Trump last week ended subsidies to insurance companies — about $7 billion annually in reimbursements the government was paying to the insurers to offset their costs to provide cheaper insurance policies to low-income people.
“This is money that goes into the insurance companies to line their pockets, to raise up their stock prices,” Trump said at Tuesday’s briefing.
The Alexander-Murray agreement would restore those payments, a policy heavily favored by Democrats and some Republicans.
At the same time, in a proposal aimed at winning Republican support for the compromise, state governors, rather than state legislatures, would be given the right to approve insurance plans that provide “comparable affordability” to Obamacare plans on the market, Alexander said.
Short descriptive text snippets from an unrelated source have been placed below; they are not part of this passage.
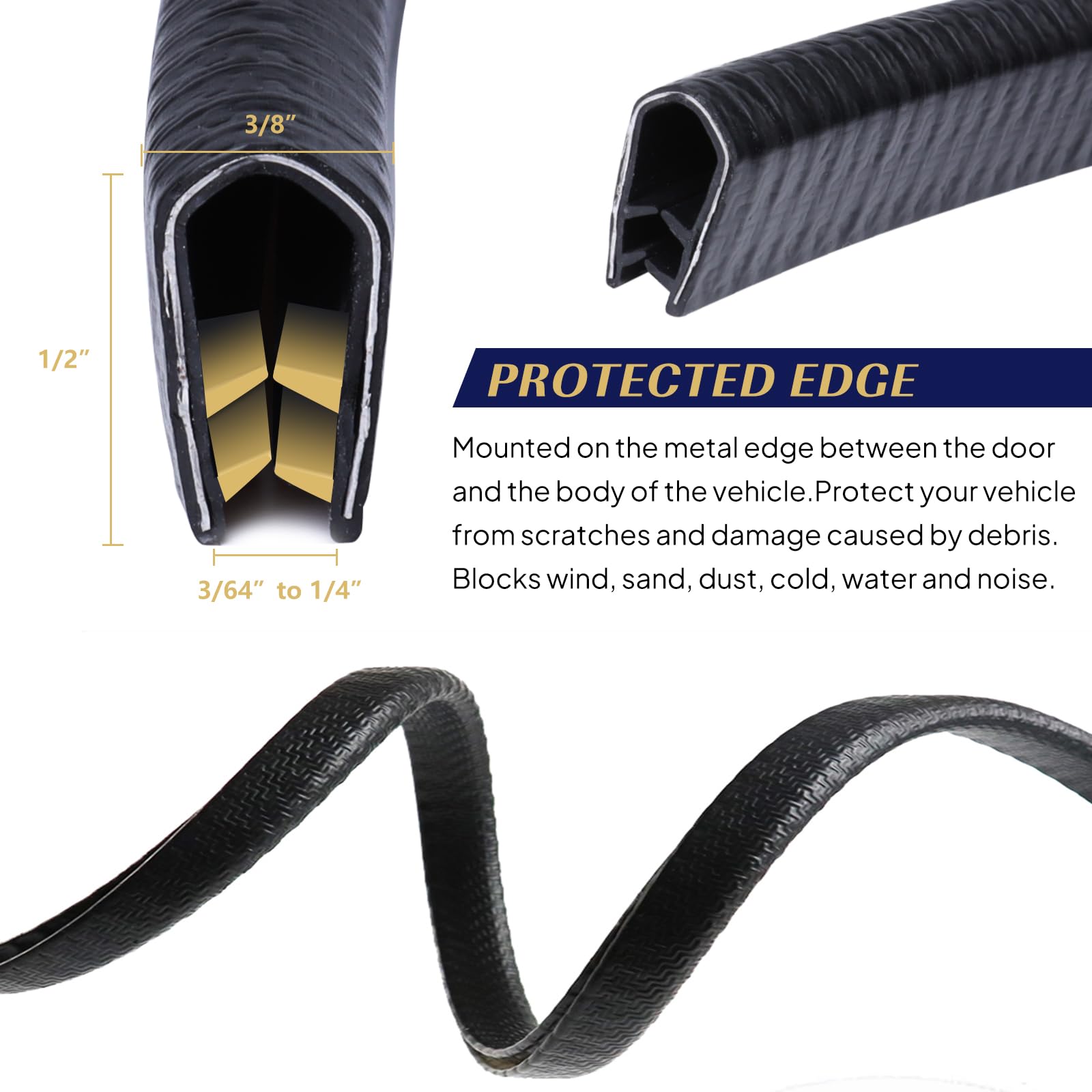 Goldwheel Black Edge Trim U-Channel Rubber Seal Edge Trim with Metal 1/2'' X 3/8'' - Fit Gap 3/64'' to1/4 Car Door Edge Sealing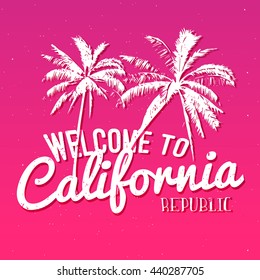 welcome to california republic t-shirt print, apparel design with palms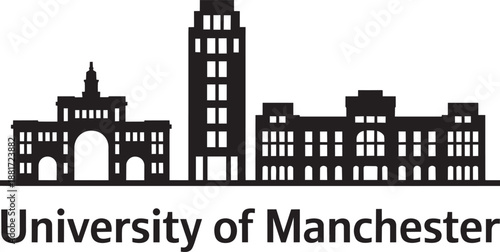 Manchester university skyline architecture silhouette building landmark united kingdom vector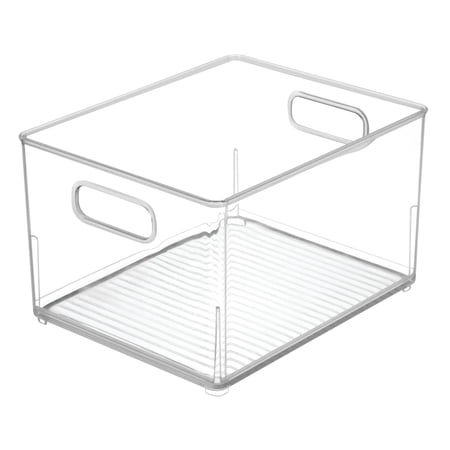 iDesign Plastic Cabinet Organizing Bin with Handles, Small, Clear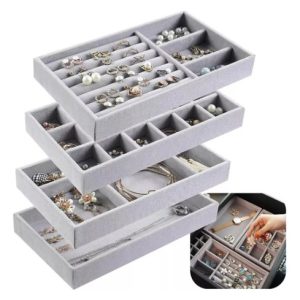 Organizador De Joyas X4 Joyero Multiusos Caja Para Joyas Gris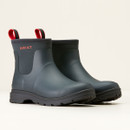 Navy rain boots with black soles, featuring red pull tabs and the word "Ariat" in red. The boots convey a sturdy and practical feel. Navy rain boots with black soles, featuring red pull tabs and the word "Ariat" in red. The boots convey a sturdy and practical feel.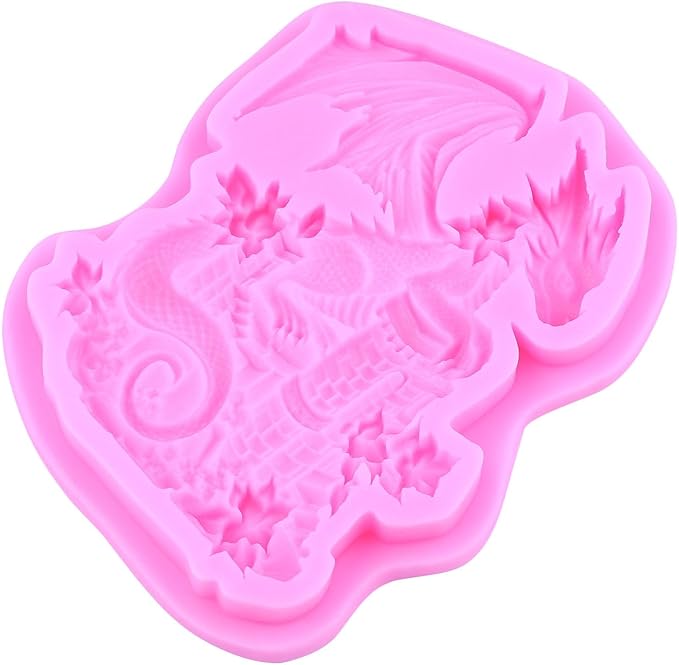 Dragon Silicone Mold Dragon Castle Fondant Molds For Cake Decoration Cupcake Topper Candy Polymer Clay Chocolate Gum Paste Set Of 2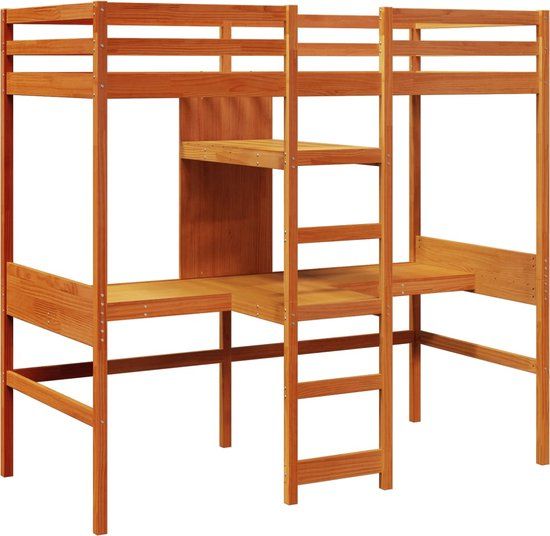 vidaXL Hoogslaper met bureau en schappen grenenhout wasbruin 90x200cm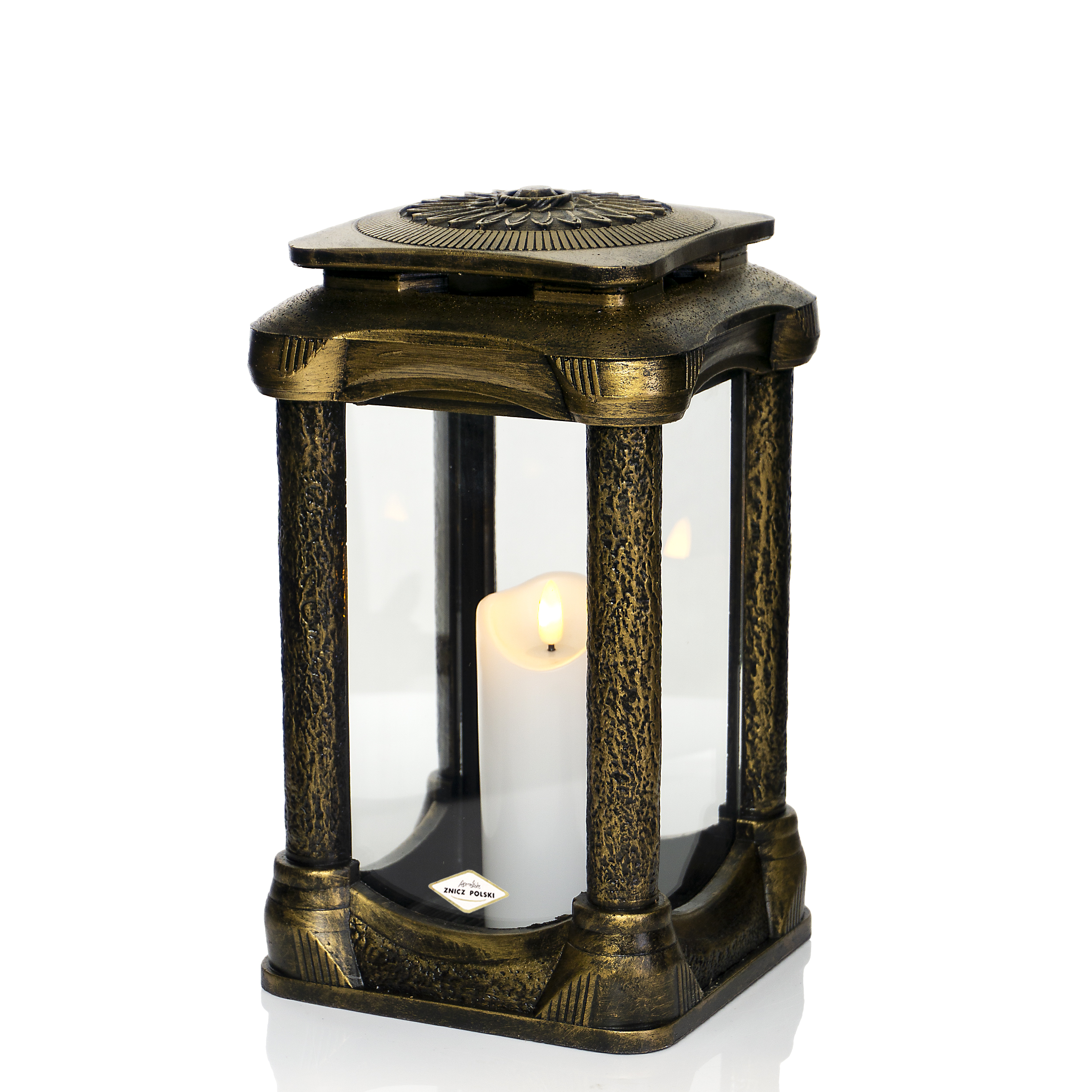 Elegancki znicz żywiczny w formie zdobionej kapliczki ROMA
Without Trump’s support, the compromise stands little chance in Congress as a stand-alone piece of legislation, but some Democrats voiced the hope they might be able to attach it to other must-pass legislation in early December when funding for government operations expires.
When asked Wednesday whether the proposal has the president’s support, Alexander said he has had three conversations with Trump and gave him “full credit for engineering this bipartisan agreement.”
“He told me that he wanted to encourage me, but that he will review it as I would expect a president to do,” Alexander said. “He might want to add something to it. It may come up as part of end of the year negotiations, we’ll see. But I think the president understands that there’s a gap between now and whenever a block grant bill could take effect, which could be 2021 or 22 and during that gap we don’t want chaos with millions of Americans hurt.”
Senate Minority Leader Charles Schumer offered his reaction to the proposal Tuesday, saying, “We’ve achieved stability if this agreement becomes law.”
While Democrats have uniformly lined up in support of Obamacare, Republican lawmakers have tried unsuccessfully dozens of time to repeal the law, which is anathema to them chiefly because it requires most Americans to buy health insurance, or pay a fine if they do not. No Republican voted for Obamacare in 2010 when a Democratic-controlled Congress narrowly passed it, with many Republican lawmakers calling it government over-reach because of the tax provision.
Since then, the law has gained in popularity, with national polls showing a majority of Americans want to keep it.
Most American workers get their health insurance coverage through their employers, with the government subsidizing health care payments for older, disabled and poorer Americans. Those most affected by the latest fight over the law are the 20 million people who get insurance under Obamacare, buying their insurance as individuals rather than helping pay for it at a workplace.